#### [DATA SEGMENT]
--- START ---
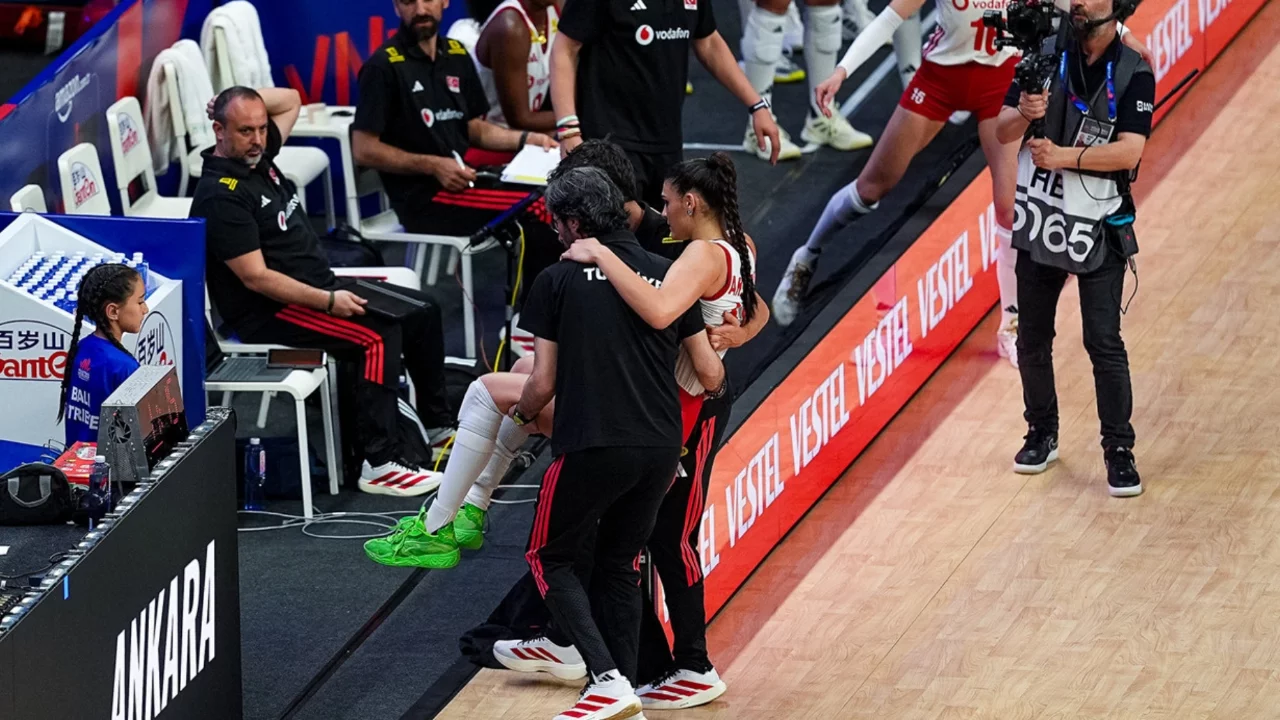 Milli voleybolcu Karmen Aksoy, ameliyat edildi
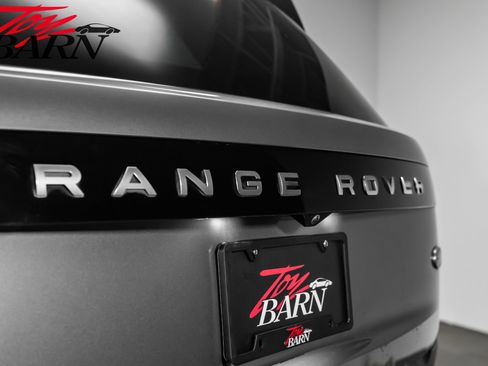 Used 2023 Land Rover Range Rover SE image 14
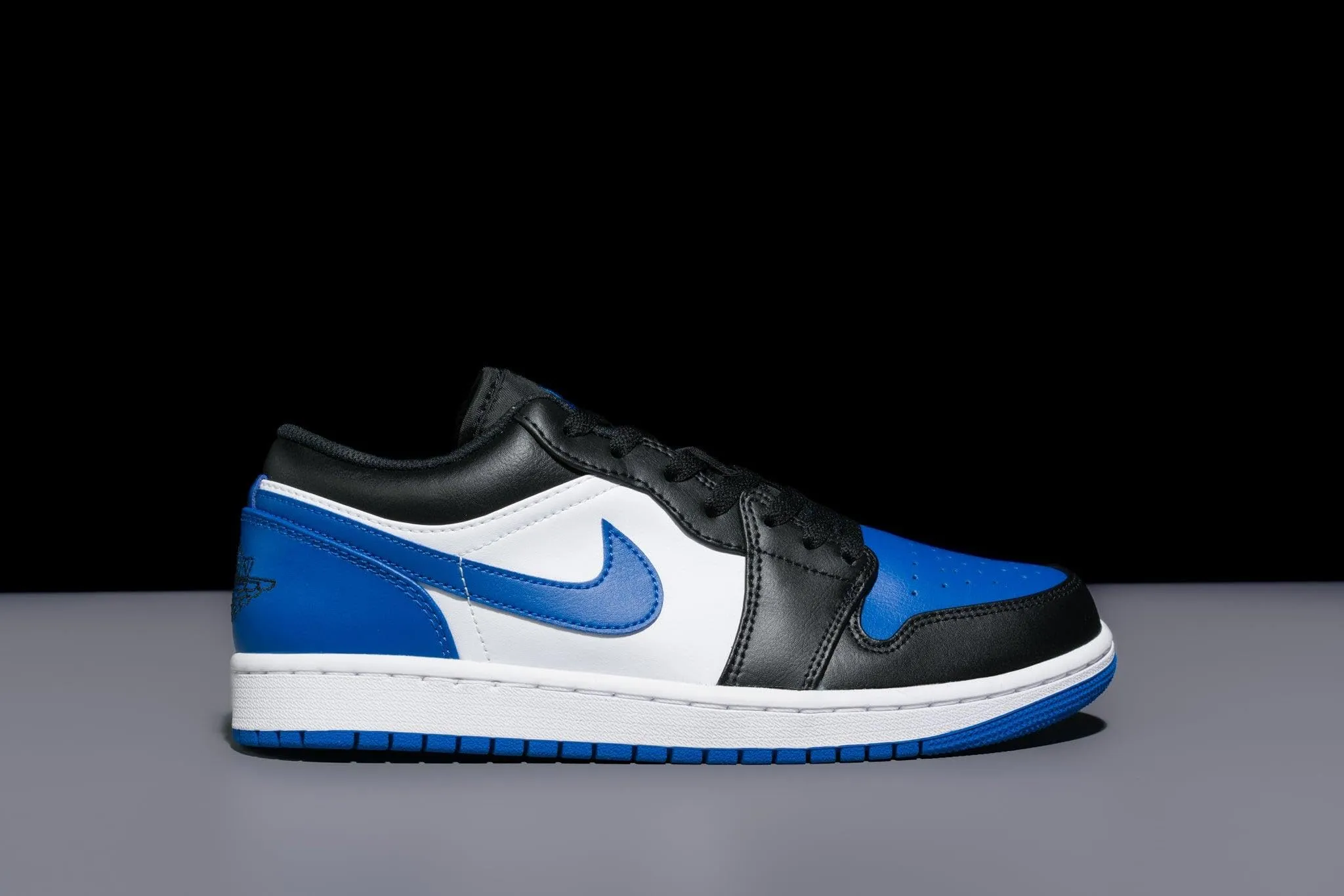 Nike Wmns Air Jordan 1 Mid - Bianco Blu Royal Nero Bianco - 41 EU - immagine 2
--- END ---
#### [EXERCISE DESCRIPTION]
Retype the whole listing, keeping every line identical and omitting all pictures.

#### [SOLUTION FOR THIS TASK]
 Milli voleybolcu Karmen Aksoy, ameliyat edildi
 Used 2023 Land Rover Range Rover SE image 14
 Nike Wmns Air Jordan 1 Mid - Bianco Blu Royal Nero Bianco - 41 EU - immagine 2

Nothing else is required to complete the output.